What’s the team’s dynamic like when it comes to tackle the damaging realities, the issues around making a pair of sneakers?
Our design and development teams work directly with nominated Tier 2 and 3 suppliers who fulfil our environmental requirements, so that we can guarantee the quality and sustainability features of our sneakers. In addition, we work continuously with a third-party environmental audit agency. They track our entire supply chain including logistics and manufacturing to calculate and certify our carbon emissions data.
Can you walk us through the design of your shoes?
Roscomar sneakers are centred around a unique silhouette built on our own mid- and outsole shape, which is distinctive and recognisable but also has really clean understated lines. We love the sophistication that comes from combining innovative and luxurious materials in sleek shapes.
If we were to be honest, the sneaker industry is overproducing and likewise, we’re consuming too much. Once disposed of, a pair of sneakers will end up in a landfill somewhere. How do you avoid this from happening?
Roscomar sneakers come with a free and easy end-of-life recycling solution called Afterlife. Each pair has a unique serial number that is registered with your email address. When you’re finished with them, you can return them so that we can deconstruct and recycle the materials. We believe that circular fashion is a necessary solution for the future of our planet and that no shoes should end up in landfill or incineration (currently the fate of 95% of the roughly 20 billion pairs of shoes sold globally each year).

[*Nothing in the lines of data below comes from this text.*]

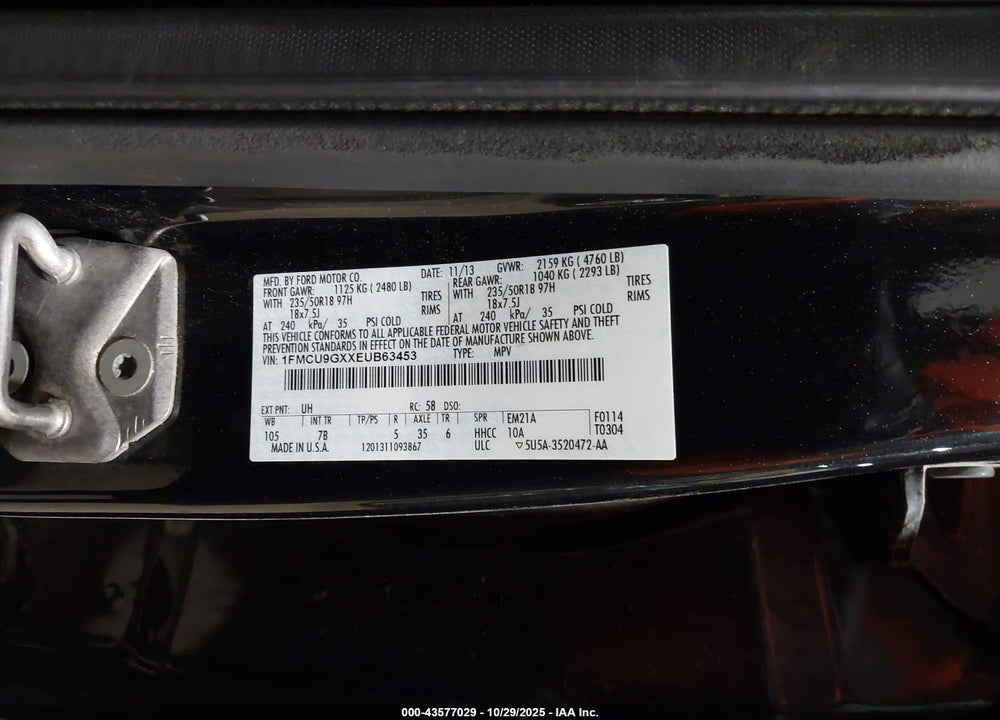 2014 FORD ESCAPE VIN: 1FMCU9GXXEUB63453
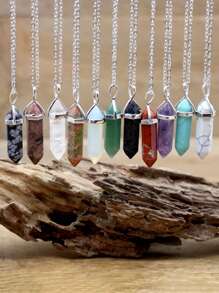 1pc Natural Stone Hexagonal Column Pendant Necklace For Yoga Anxiety Relief, Made With Crystal, Rose Quartz, Fluorite, Blue Sandstone, Dowsing Pendulum Pendant, Chakra Necklaces, Fashion Jewellery - Multicolor - View 1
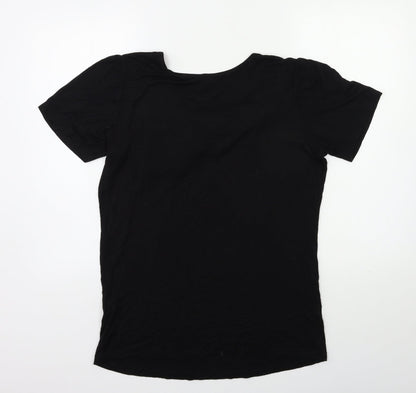 Womens UK Size M VILLA Black Basic T-Shirt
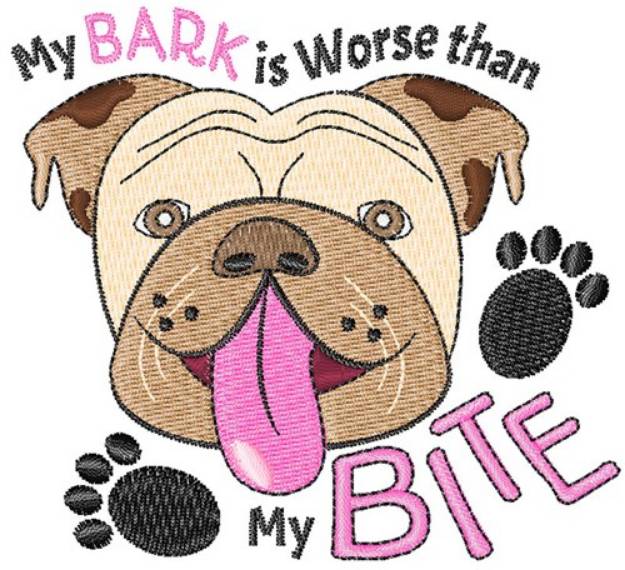 Picture of Bark Worst Than My Bite Machine Embroidery Design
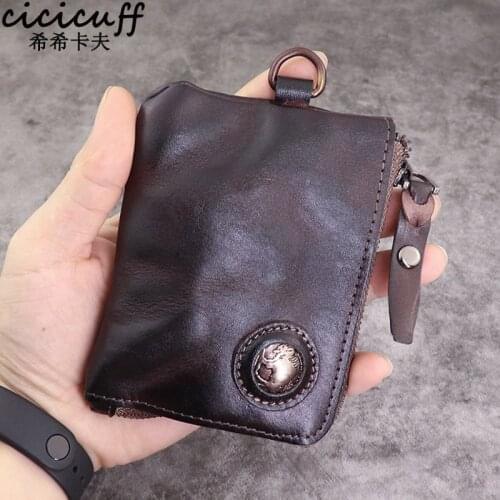 Coin Purse for Men Vintage Mini Wallet Original Leather Change Pouch Household Portable Keys Card Storage Bag Zipper Card Holder
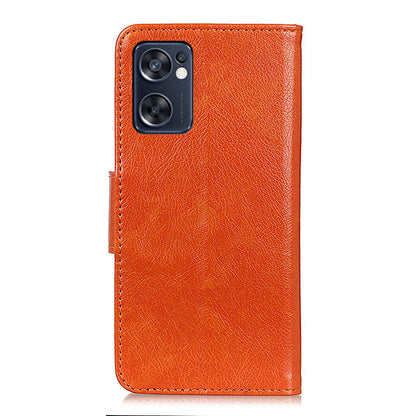 Mobile Phone Case for Oppo Reno7 SE 5G Nappa Texture Split Leather Stand Wallet Dual-sided Magnetic Clasp Phone Shell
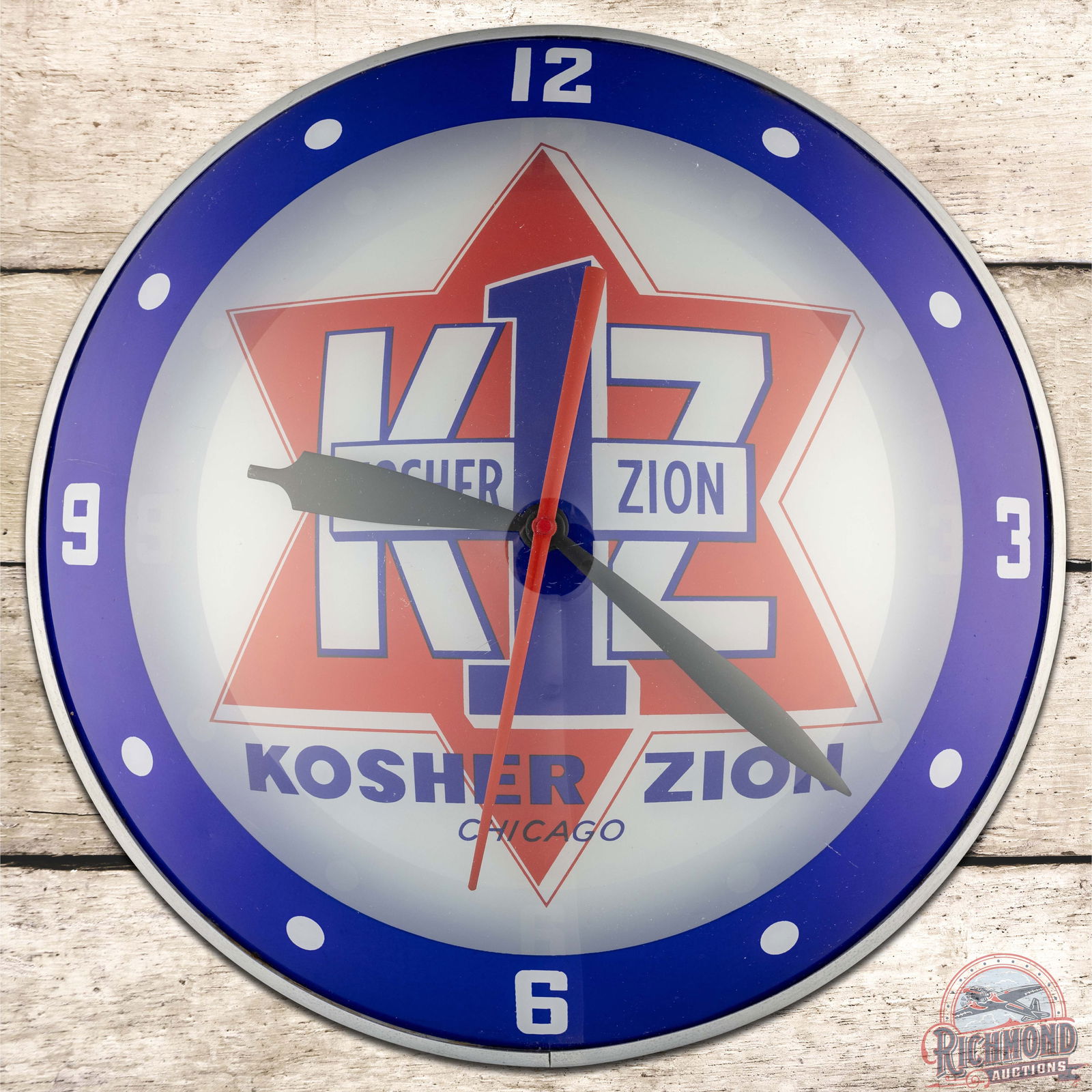 Kosher Zion Chicago #1 15" Double Bubble Advertising Clock w/ Logo: Lighted double bubble clock runs and lights up as it should. The clock features bright colors on the inner and outer glass. The inner glass is clean. The outer glass has small scuffs in the field. The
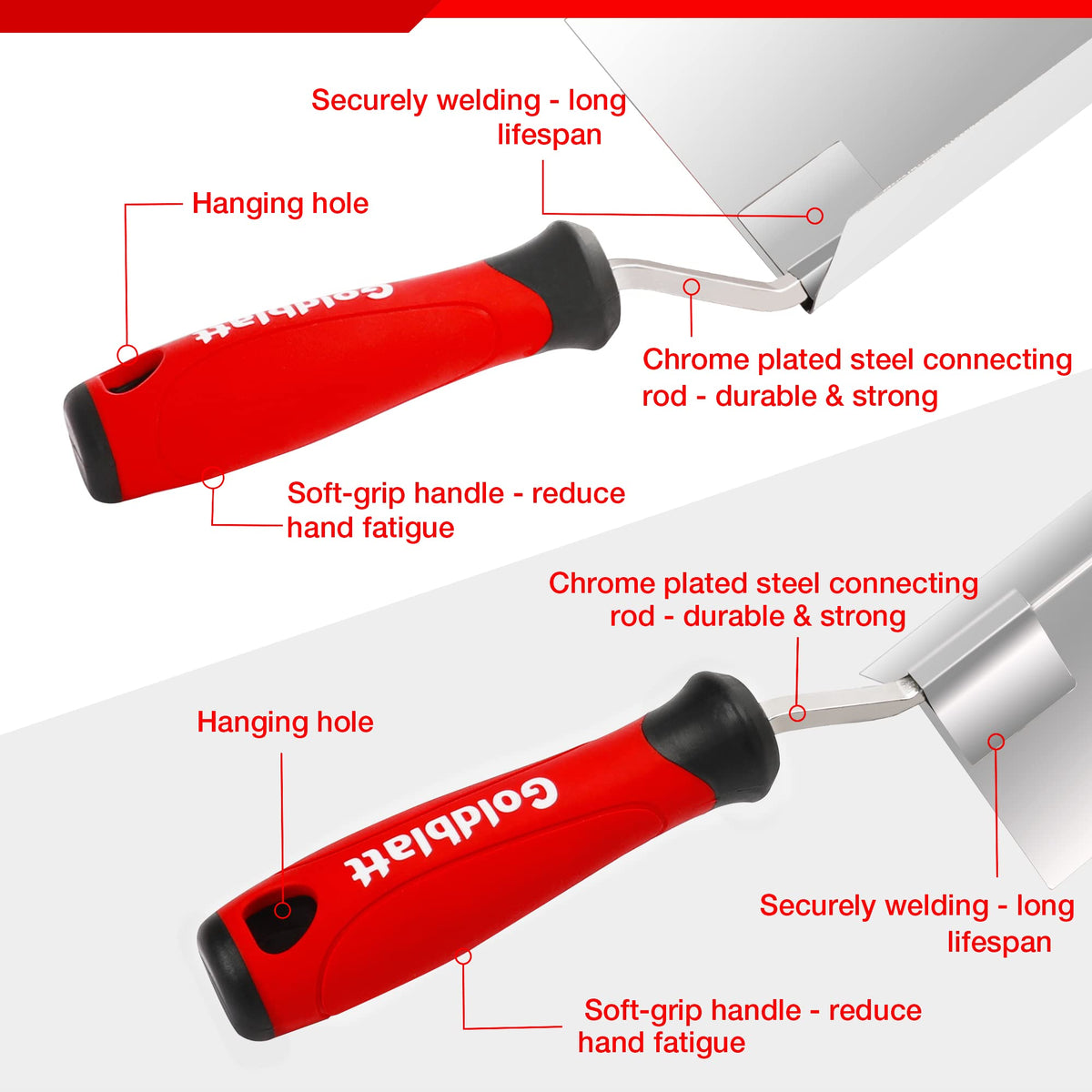 Goldblatt stainless steel blades close-up showing rust-resistant, durable finish.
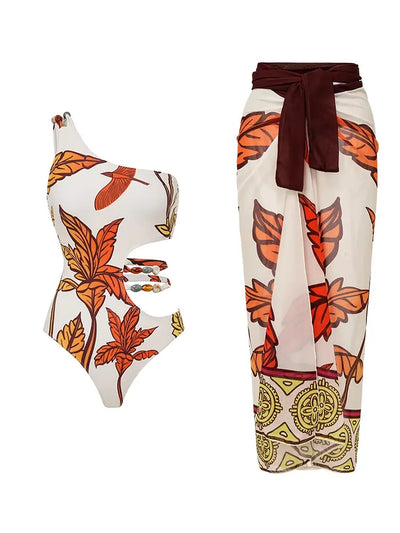 Maple Print Swimsuit Set Trio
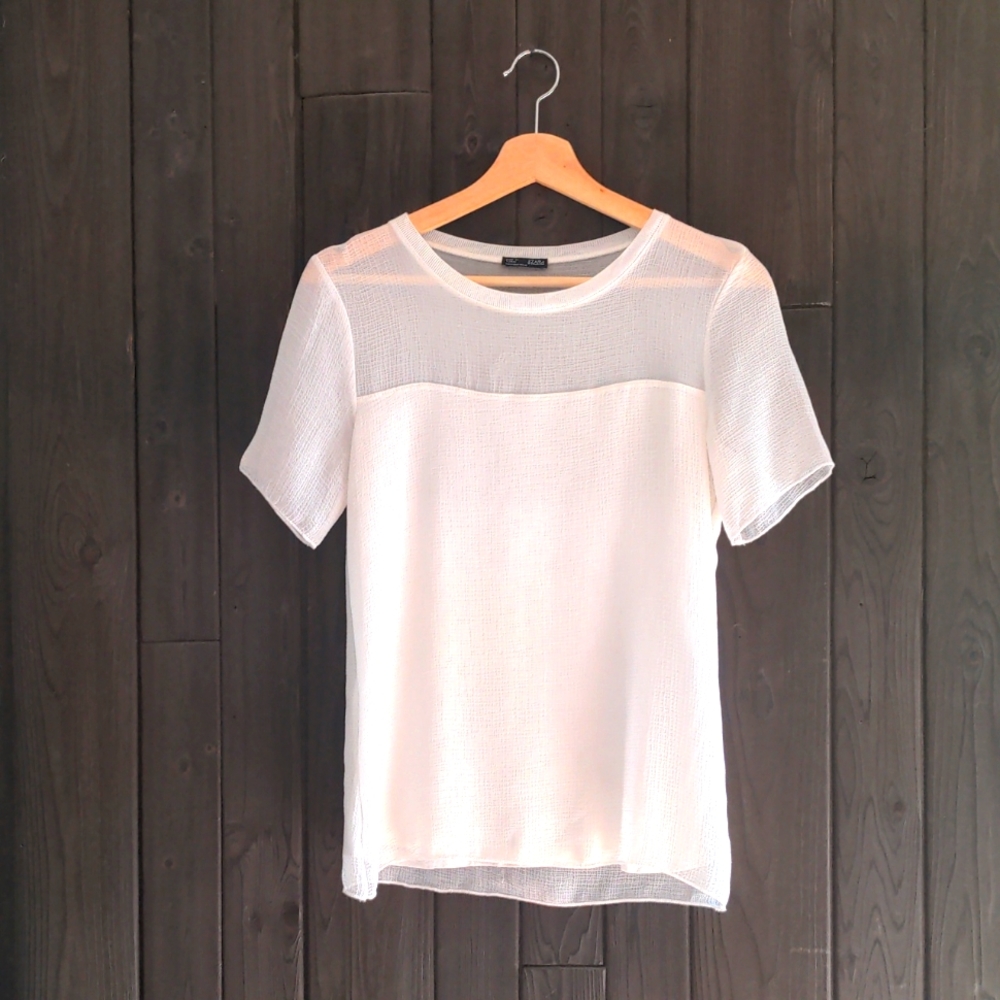 Zara White Sheer T-shirt with Lining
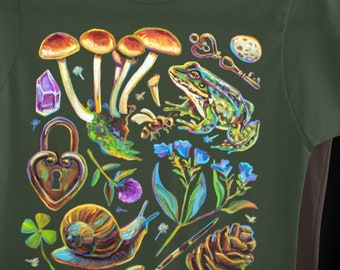 Camiseta botânica sapo e cogumelo, camiseta Cottagecore, camiseta Witchy, estética Goblincore, roupa Goblincore, camiseta Frogcore, Fairycore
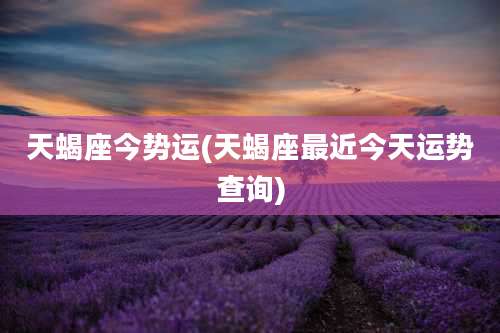 天蝎座今势运(天蝎座最近今天运势查询)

If both the Court and the Rv3 were released on the first day of the new year, are there going to be further similar drops moving forward? Will they stick around and possibly alter in the coming years? What will it take for you to release a new style?
Upgrade cycles should replace seasonal fashion. It’s crazy that our industry is governed by “seasonal” collections that have nothing to do with actual seasons. Tons of new products are created for the sake of newness alone and that cannot continue if we want to live sustainably. New product development should be guided by upgrades, in other words continuously improving. It’s like an iPhone; each year Apple releases a better version of the same product. You can expect the same from Roscomar. We’ll keep it interesting from a design perspective, but we won’t force ourselves to create a huge new seasonal collection if there isn’t a strong product-related reason to do so. Also, the shift to online shopping is a huge tailwind in this effort because it decouples brands from physical retail patterns.
Will the way you do things evolve as new sustainability standards get formed?
Absolutely. Since we already publish cradle-to-cradle carbon footprint data for all of our sneakers, it forces us to improve. We would never release a new product that has a worse carbon footprint, only better. Which actually makes our design and development really compelling; we can create shoes that we love but we also have a strong set of guard rails to keep us on track to the mission of — as we like to call it — Footwear at Zero Expense to the Earth.